(DATA RECORDS Opens)

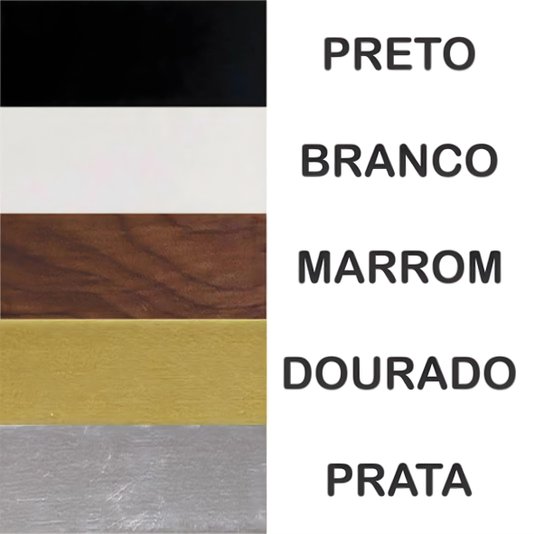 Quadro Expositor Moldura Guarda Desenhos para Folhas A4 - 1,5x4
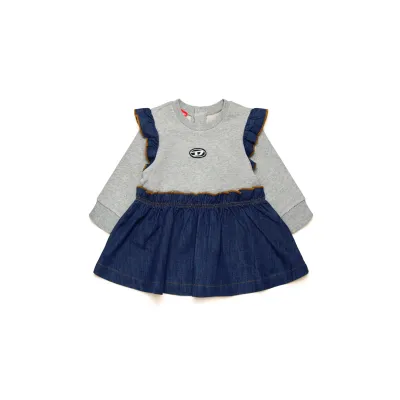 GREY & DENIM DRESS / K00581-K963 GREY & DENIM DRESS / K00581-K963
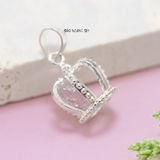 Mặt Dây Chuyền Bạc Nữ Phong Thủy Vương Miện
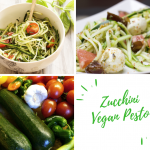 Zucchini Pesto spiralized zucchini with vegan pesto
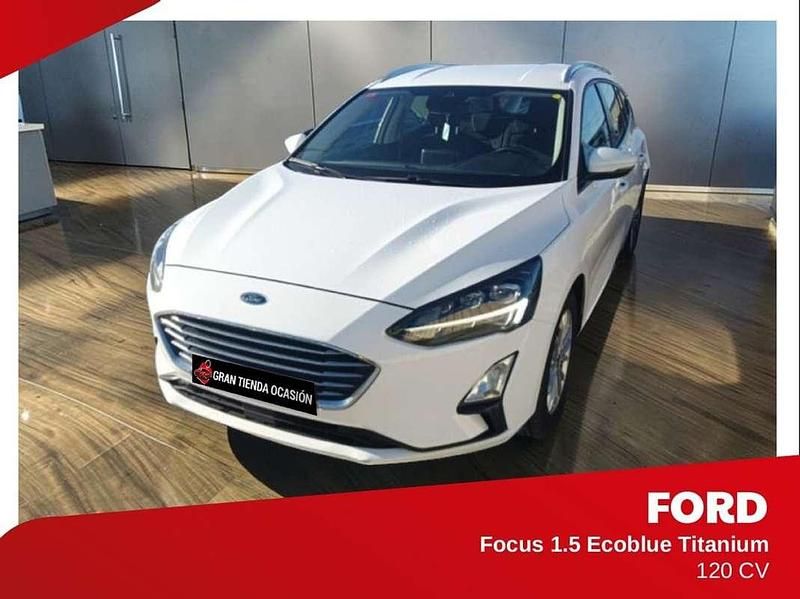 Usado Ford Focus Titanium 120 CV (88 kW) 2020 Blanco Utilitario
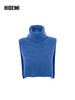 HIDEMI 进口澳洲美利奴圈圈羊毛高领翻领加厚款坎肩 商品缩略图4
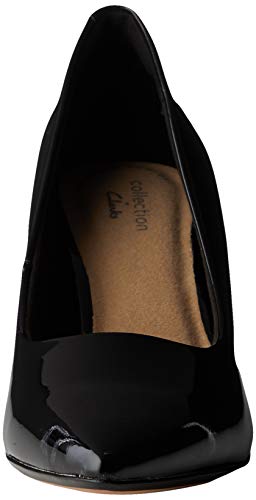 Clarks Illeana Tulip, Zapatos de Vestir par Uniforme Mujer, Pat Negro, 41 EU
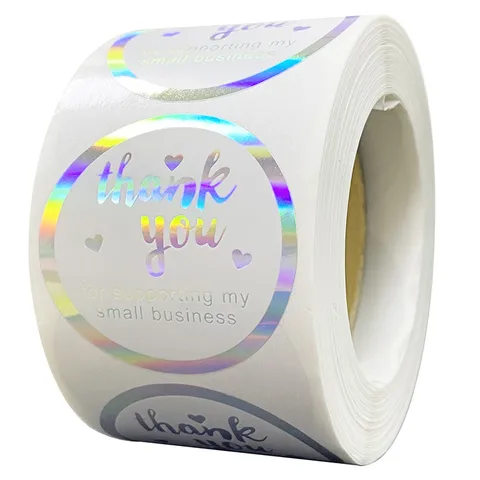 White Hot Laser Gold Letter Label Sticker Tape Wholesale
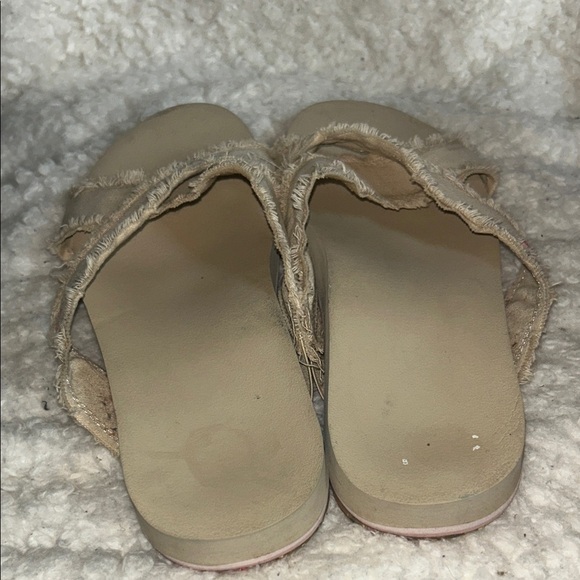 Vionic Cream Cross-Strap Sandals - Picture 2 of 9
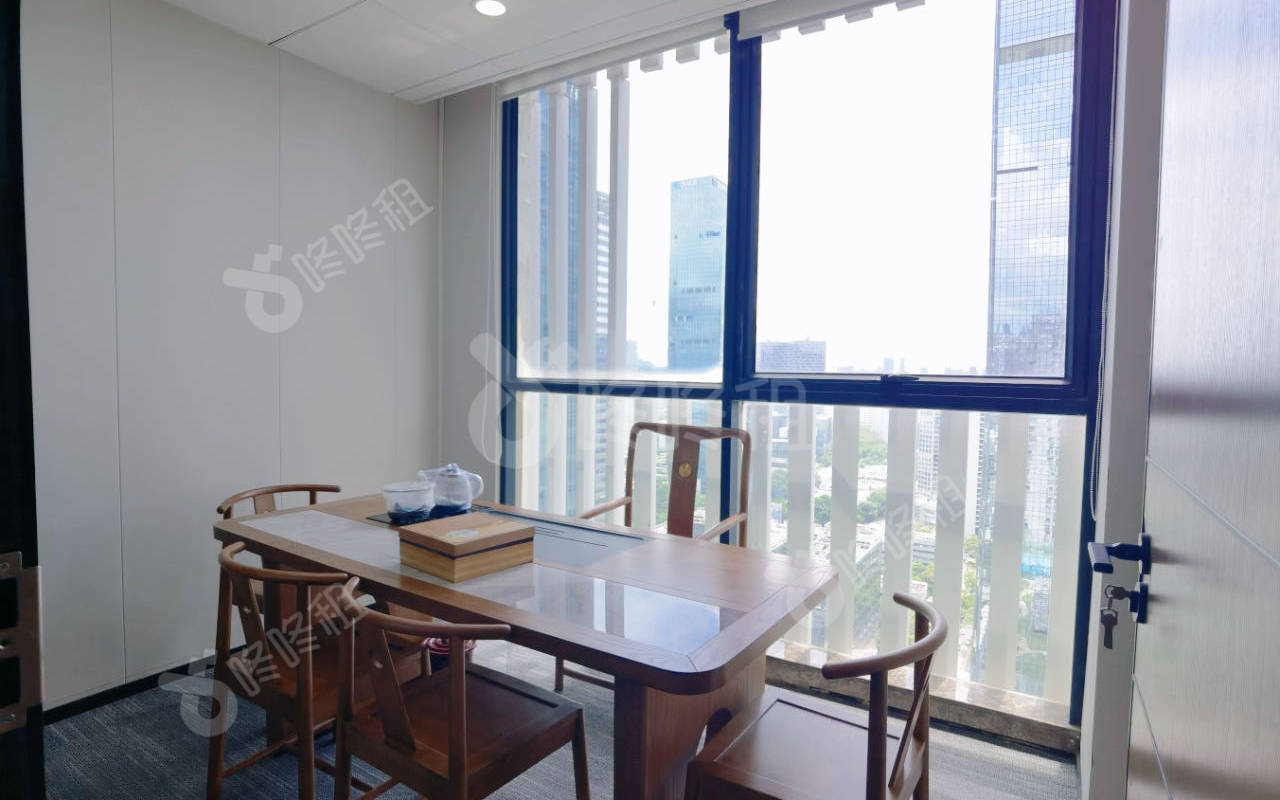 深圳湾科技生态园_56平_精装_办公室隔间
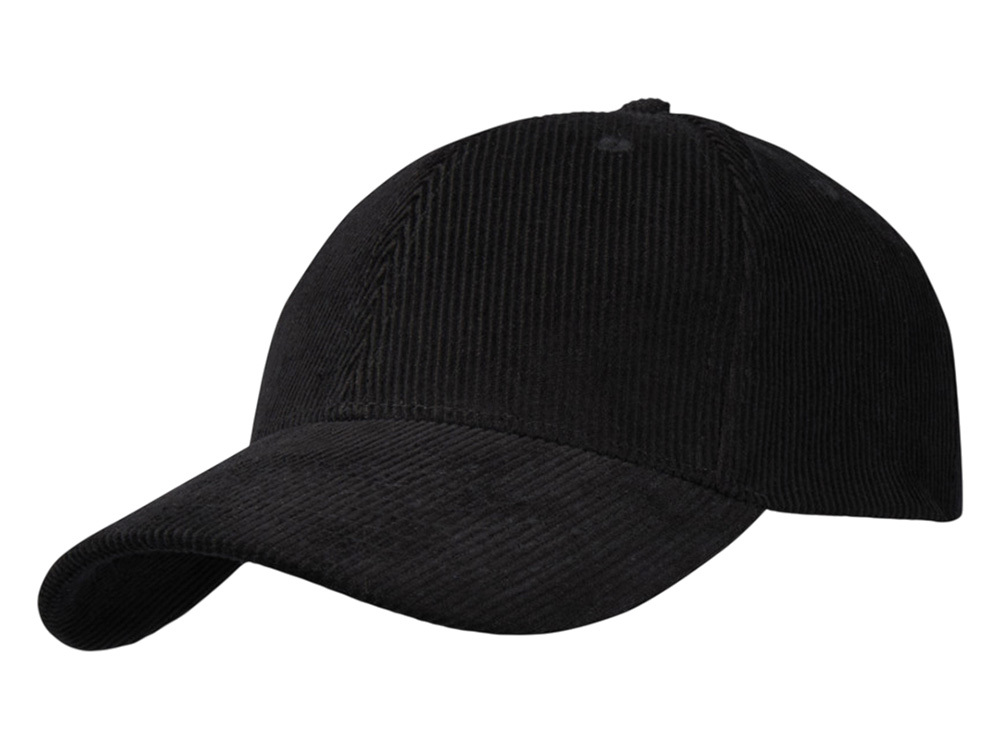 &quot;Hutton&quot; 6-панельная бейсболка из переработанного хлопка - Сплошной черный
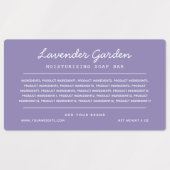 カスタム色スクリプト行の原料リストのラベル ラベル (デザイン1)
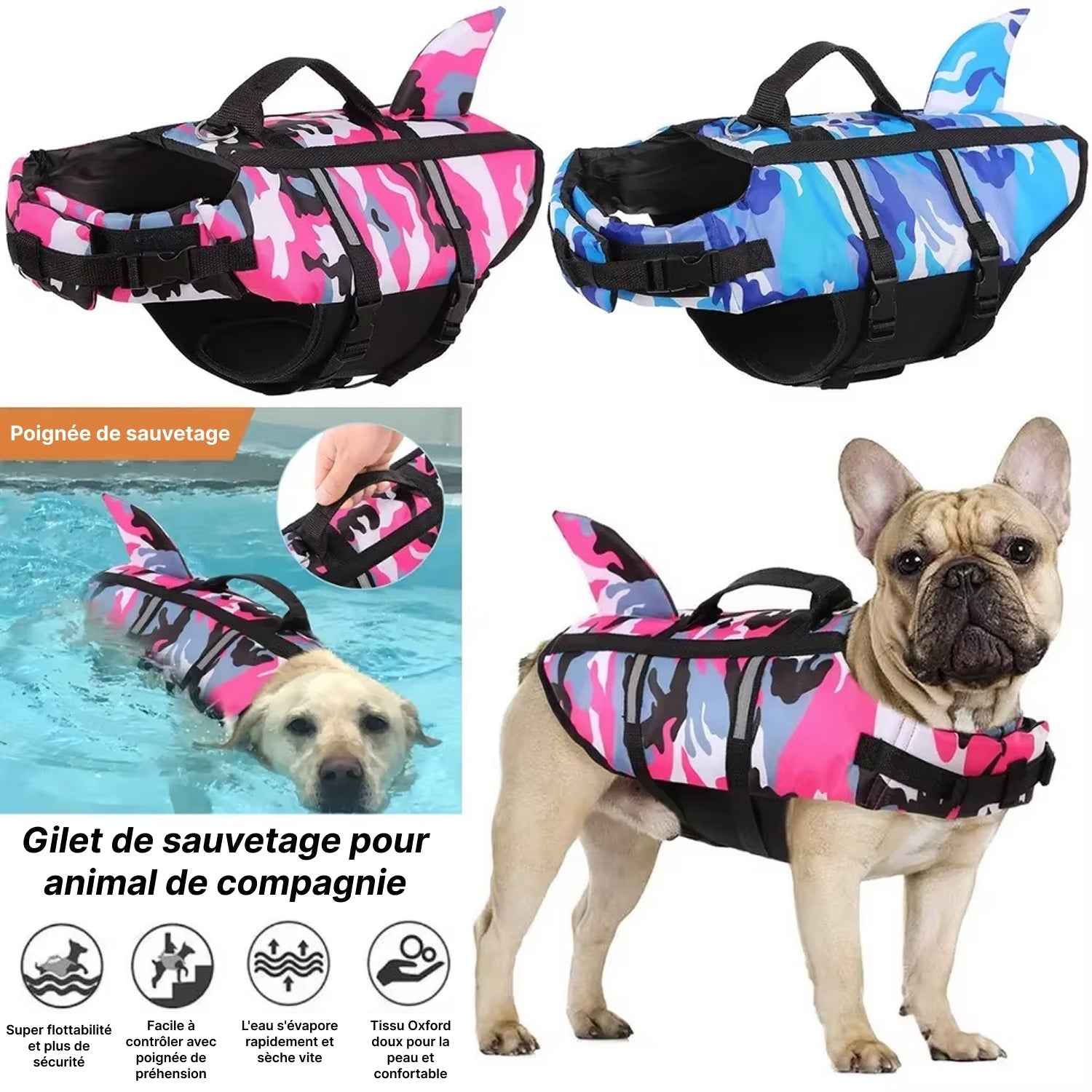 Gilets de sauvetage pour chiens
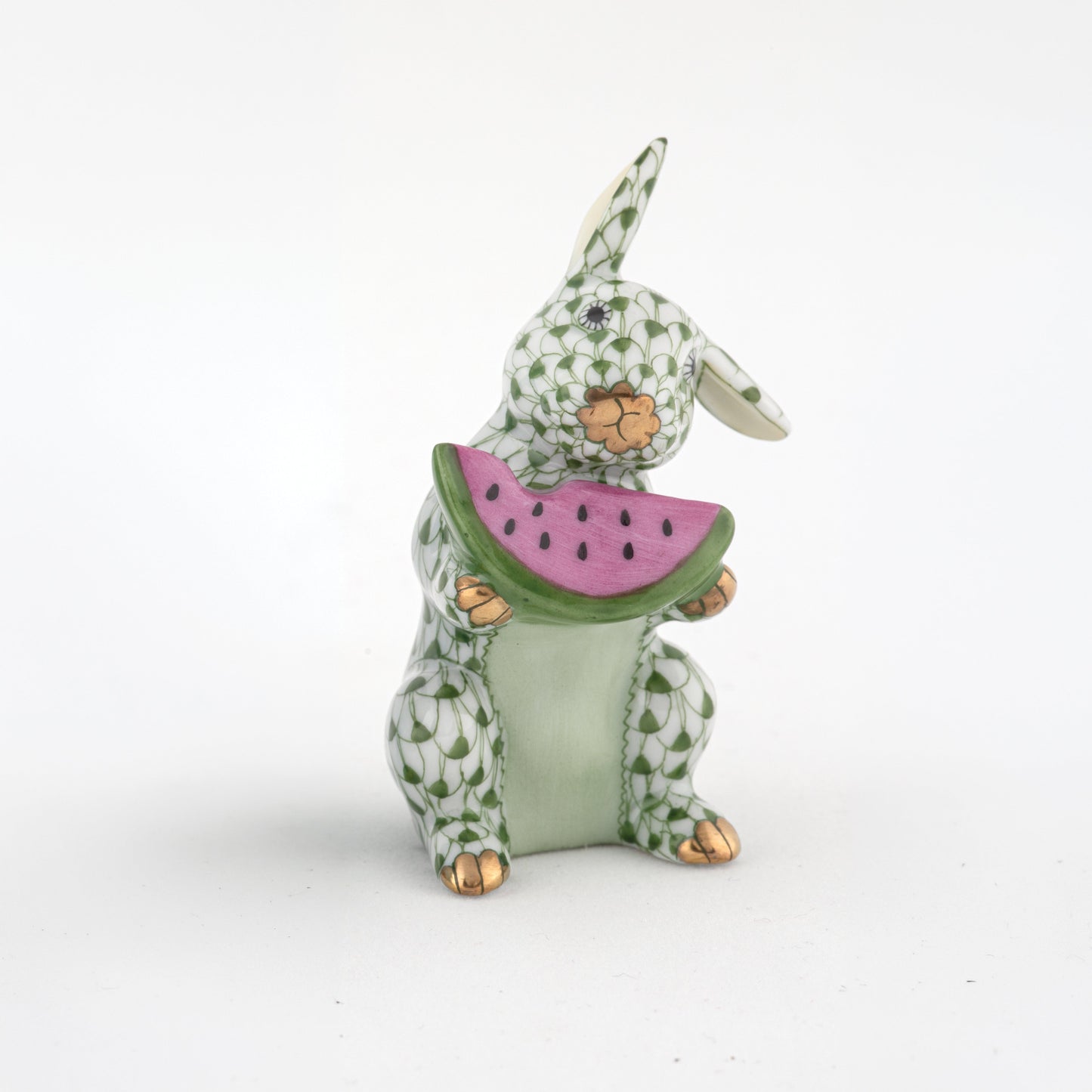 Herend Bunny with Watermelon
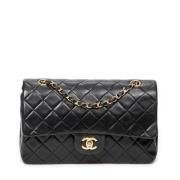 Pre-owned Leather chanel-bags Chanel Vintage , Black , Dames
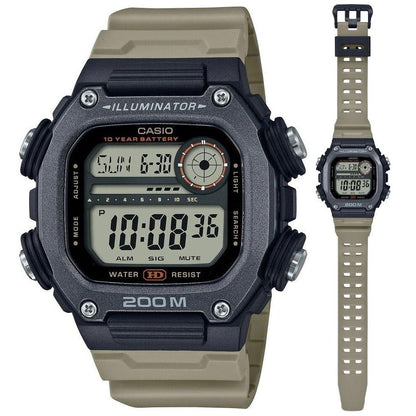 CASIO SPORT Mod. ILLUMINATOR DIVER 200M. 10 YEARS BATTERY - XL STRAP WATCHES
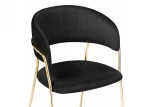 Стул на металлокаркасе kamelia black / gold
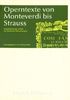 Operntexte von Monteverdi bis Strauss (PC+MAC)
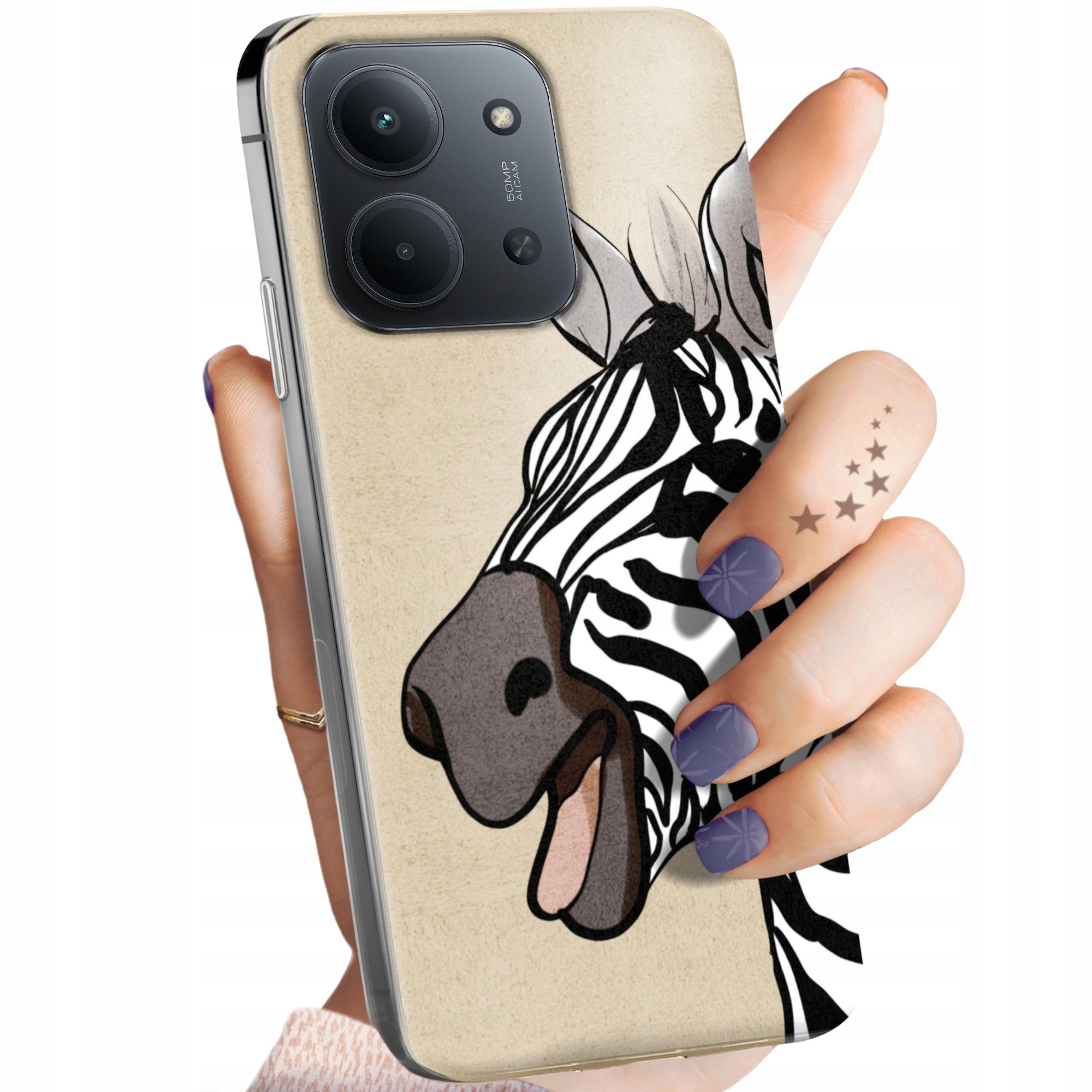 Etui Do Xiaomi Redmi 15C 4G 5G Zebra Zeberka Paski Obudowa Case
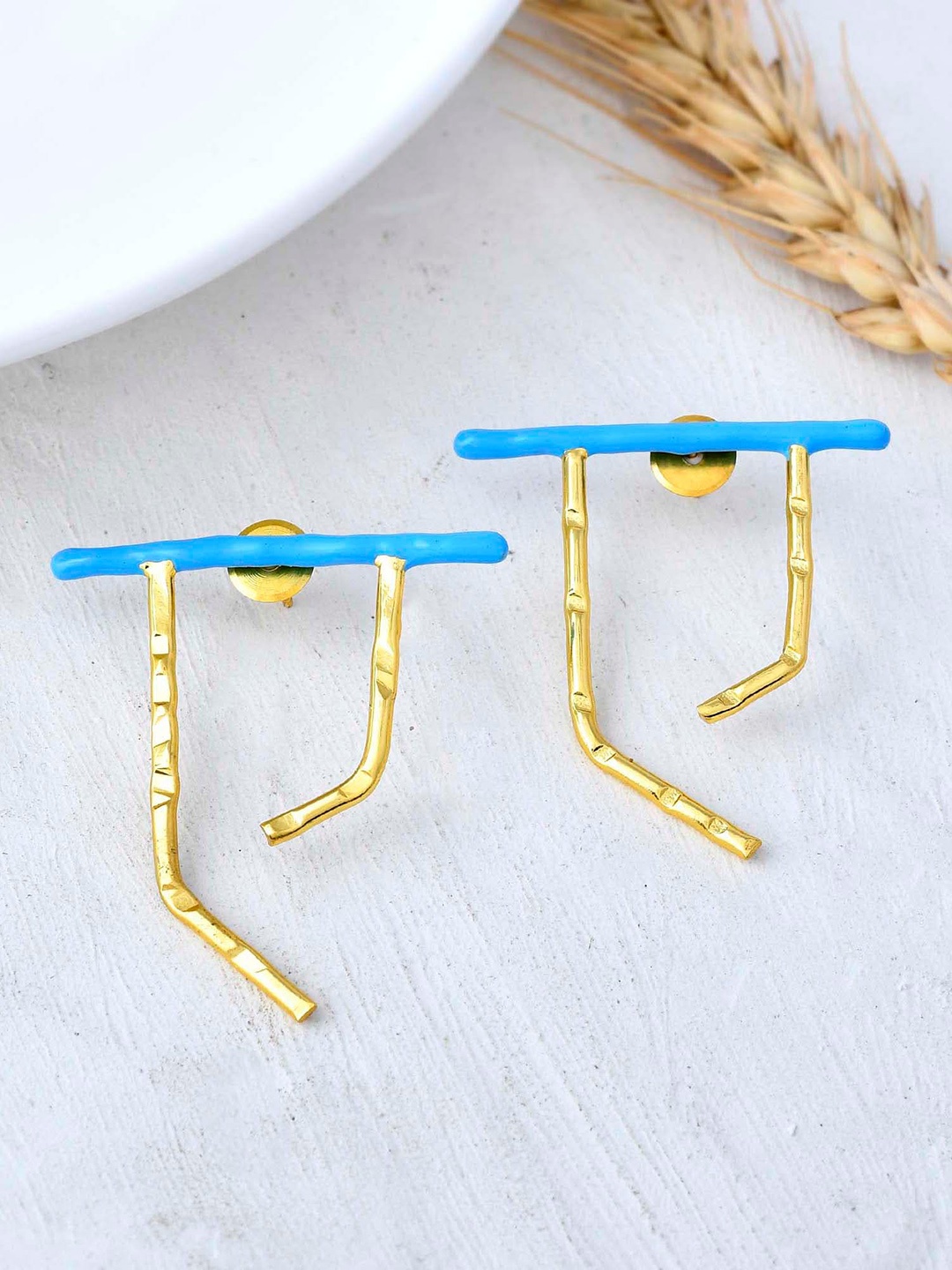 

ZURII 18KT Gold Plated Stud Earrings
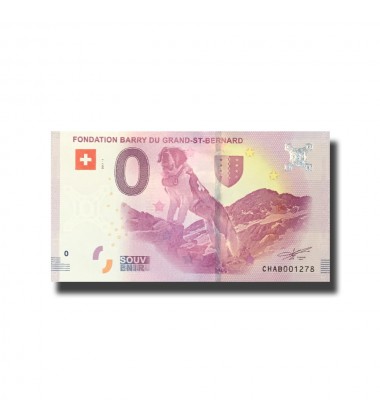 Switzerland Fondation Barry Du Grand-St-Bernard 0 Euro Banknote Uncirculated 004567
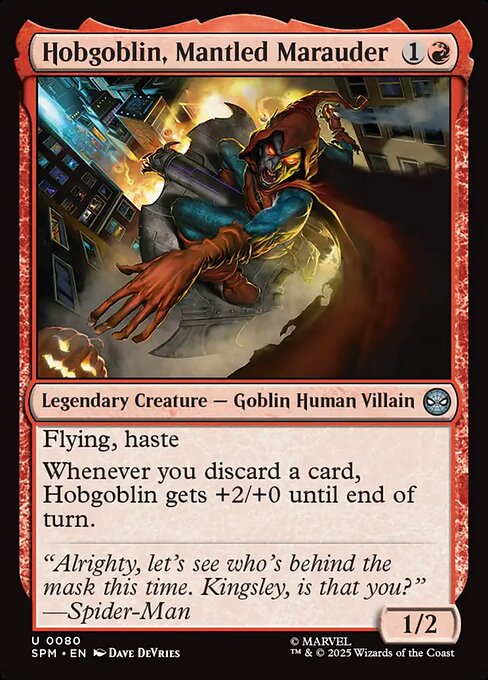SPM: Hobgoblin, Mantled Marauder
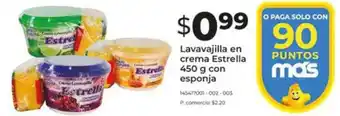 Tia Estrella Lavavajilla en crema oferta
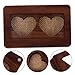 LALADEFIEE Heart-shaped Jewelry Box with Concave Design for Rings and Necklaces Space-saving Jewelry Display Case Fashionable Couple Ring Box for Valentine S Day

(DATA RECORDS Closes)

WHAT THE TASK ASKS: A verbatim reproduction is expected: starting at the line above that has "Clarks Illeana Tulip, Zapatos", ending at the line that has "深圳湾科技生态园_56平_精装_办公室隔间", both included, and with no pictures and no other lines.

PROBLEM SOLUTION:
 Clarks Illeana Tulip, Zapatos de Vestir par Uniforme Mujer, Pat Negro, 41 EU
 White Hot Laser Gold Letter Label Sticker Tape Wholesale
 Vionic Cream Cross-Strap Sandals - Picture 2 of 9
 深圳湾科技生态园_56平_精装_办公室隔间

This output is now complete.